This exercise needs the complete data reproduced exactly.

## Source data:
=======

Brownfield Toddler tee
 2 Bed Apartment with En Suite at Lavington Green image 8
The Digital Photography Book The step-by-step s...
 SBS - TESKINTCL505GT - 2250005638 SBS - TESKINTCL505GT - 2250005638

=======

## Written solution:
Brownfield Toddler tee
 2 Bed Apartment with En Suite at Lavington Green image 8
The Digital Photography Book The step-by-step s...
 SBS - TESKINTCL505GT - 2250005638 SBS - TESKINTCL505GT - 2250005638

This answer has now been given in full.